Faculty Summaries
Neil Johnson, PhD
Neil Johnson, PhD
Member & Assistant Professor
neil.johnson@fccc.edu
Office Phone: 215-728-7016
Fax: 215-728-3616
Office: W446
  • Investigate determinants of homologous recombination proficiency in cancer cells
    Clinical mutations in the BRCA1 gene.
    Figure 1. Clinical mutations in the BRCA1 gene.

    Our current research suggests that a subgroup of tumors that contain mutations in essential DNA repair genes retain the ability to repair DNA and are consequently resistant to DNA damaging chemotherapies or PARP inhibitors. We are investigating factors that enable cancer cells that contain BRCA1 mutations to carry out homologous recombination DNA repair and survive chemotherapy. We are examining the ability of mutant BRCA1 proteins to contribute to homologous recombination in cancer cells. Moreover, we are investigating the influence of the cellular background on DNA damaging agent and PARP inhibitor sensitivity. We have recently screened the hORFeome V8.1 Expression Library generated by the Broad Institute (Harvard/MIT) to identify proteins that influence HR and PARP inhibitor sensitivity. The library is a genome-scale ORFeome collection in a lentiviral vector (16172 distinct ORFs mapping to 13833 genes). We aim to determine the potential of hits to serve as biomarkers for DNA damaging chemotherapy or PARP inhibitor sensitivity in patient tumors and determine whether they can serve as biomarkers for response in predictive clinical trials.
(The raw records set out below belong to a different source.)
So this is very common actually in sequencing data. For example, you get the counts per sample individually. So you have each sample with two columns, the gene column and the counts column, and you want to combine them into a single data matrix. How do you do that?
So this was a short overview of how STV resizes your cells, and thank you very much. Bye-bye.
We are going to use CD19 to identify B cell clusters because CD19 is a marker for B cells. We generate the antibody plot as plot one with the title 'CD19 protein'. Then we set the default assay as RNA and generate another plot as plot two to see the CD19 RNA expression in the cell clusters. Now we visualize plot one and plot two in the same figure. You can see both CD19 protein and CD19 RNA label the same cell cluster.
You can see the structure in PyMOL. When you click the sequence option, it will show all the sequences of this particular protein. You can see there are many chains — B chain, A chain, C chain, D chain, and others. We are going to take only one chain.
  • Investigate mechanisms of acquired resistance to DNA repair inhibitors
    The BRCA1 protein forms multiple protein complexes
    Figure 2. The BRCA1 protein forms multiple protein complexes.
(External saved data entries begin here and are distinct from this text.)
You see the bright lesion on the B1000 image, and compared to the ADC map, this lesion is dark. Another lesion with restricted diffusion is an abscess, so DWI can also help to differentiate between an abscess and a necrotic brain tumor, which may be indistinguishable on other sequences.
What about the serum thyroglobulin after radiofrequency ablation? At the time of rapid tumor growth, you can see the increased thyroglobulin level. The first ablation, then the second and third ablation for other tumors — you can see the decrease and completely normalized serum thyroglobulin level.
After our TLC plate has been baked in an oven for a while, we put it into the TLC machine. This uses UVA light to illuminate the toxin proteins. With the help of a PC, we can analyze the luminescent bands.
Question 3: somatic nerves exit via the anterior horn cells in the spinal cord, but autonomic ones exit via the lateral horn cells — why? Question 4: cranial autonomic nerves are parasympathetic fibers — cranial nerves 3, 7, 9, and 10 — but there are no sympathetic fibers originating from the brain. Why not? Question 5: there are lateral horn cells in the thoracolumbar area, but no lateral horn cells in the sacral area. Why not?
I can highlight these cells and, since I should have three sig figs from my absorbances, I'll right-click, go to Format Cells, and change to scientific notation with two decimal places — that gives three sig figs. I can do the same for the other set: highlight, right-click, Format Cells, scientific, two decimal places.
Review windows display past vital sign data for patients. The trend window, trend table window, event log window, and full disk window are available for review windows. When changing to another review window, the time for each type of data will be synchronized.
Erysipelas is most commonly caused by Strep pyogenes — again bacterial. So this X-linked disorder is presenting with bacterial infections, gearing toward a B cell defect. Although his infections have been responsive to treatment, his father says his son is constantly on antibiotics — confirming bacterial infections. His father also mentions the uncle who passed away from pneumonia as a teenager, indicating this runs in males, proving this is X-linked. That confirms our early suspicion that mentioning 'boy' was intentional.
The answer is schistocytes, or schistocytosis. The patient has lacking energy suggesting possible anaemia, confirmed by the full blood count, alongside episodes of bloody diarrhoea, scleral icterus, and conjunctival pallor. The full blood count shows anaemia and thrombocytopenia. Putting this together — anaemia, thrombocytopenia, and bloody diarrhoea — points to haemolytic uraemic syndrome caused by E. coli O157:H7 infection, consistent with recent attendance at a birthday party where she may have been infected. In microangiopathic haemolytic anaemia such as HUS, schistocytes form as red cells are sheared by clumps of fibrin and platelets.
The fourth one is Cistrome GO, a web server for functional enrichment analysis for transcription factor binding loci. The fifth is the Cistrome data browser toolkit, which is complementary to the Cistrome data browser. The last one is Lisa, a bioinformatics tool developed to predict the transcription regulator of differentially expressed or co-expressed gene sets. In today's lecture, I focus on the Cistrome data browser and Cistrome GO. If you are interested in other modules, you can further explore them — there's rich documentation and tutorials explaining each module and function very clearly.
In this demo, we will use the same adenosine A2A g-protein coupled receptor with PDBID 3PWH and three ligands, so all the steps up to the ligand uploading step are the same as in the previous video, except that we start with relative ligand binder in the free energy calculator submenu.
    Despite substantial response rates of BRCA1 and BRCA2 mutant cancers to PARP inhibitor treatment, many patients fail to respond to treatment; additionally, patients that demonstrate initial responses ultimately acquire drug resistant tumors. We are interested in identifying mechanisms by which cancer cells adapt so that they can survive after treatment with DNA damaging agents or DNA repair inhibitors. We are utilizing PARP inhibitor-sensitive cancer cell lines to derive resistant sub-clones. Upon determining drug resistance mechanisms, we will examine PARP inhibitor or cisplatin sensitive and resistant human tumor biopsies for correlation to our preclinical data.
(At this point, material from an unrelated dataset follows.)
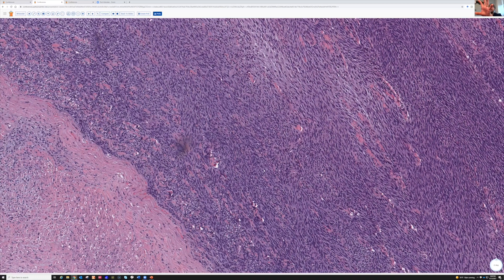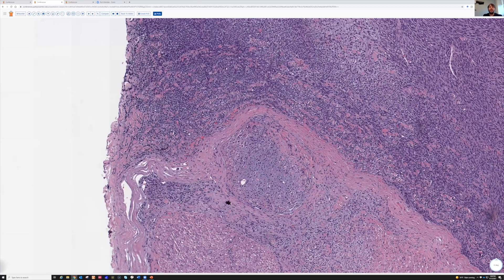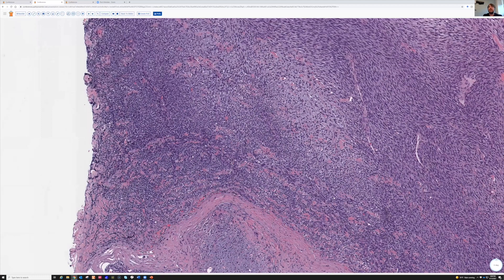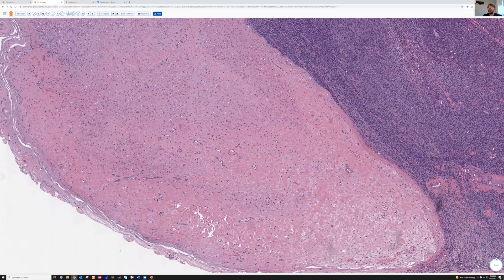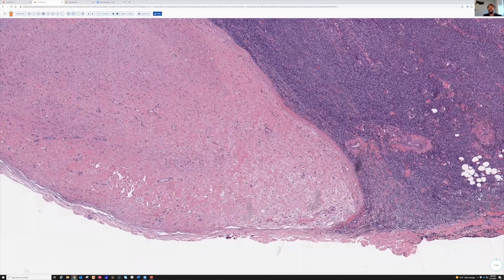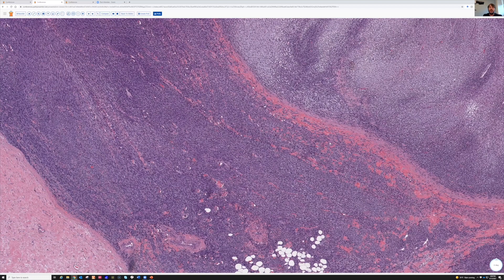This tumor was actually growing out of the nerve, and there is also a neurofibroma in another section. It was growing out of the plexiform neurofibroma, and this patient did indeed have neurofibromatosis type 1, unfortunately. This is a bad high-grade sarcoma that unfortunately afflicts a significant subset of patients with NF1 — one of the many reasons NF1 is a very serious diagnosis. This is why you should be very cautious about making a diagnosis of plexiform neurofibroma.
  • Identify small molecules that abrogate DNA repair pathways in cancer cells

    We are measuring the ability of compounds currently used in clinical studies or in preclinical development to abrogate DNA repair pathways. Additionally, we are screening small molecule libraries to identify novel compounds that block repair of DNA breaks. We will investigate the impact of the compounds on HR protein levels and ability to be recruited to sites of DNA damage by foci formation assays. Our goal is to develop novel compounds for in vivo use and eventual clinical applications.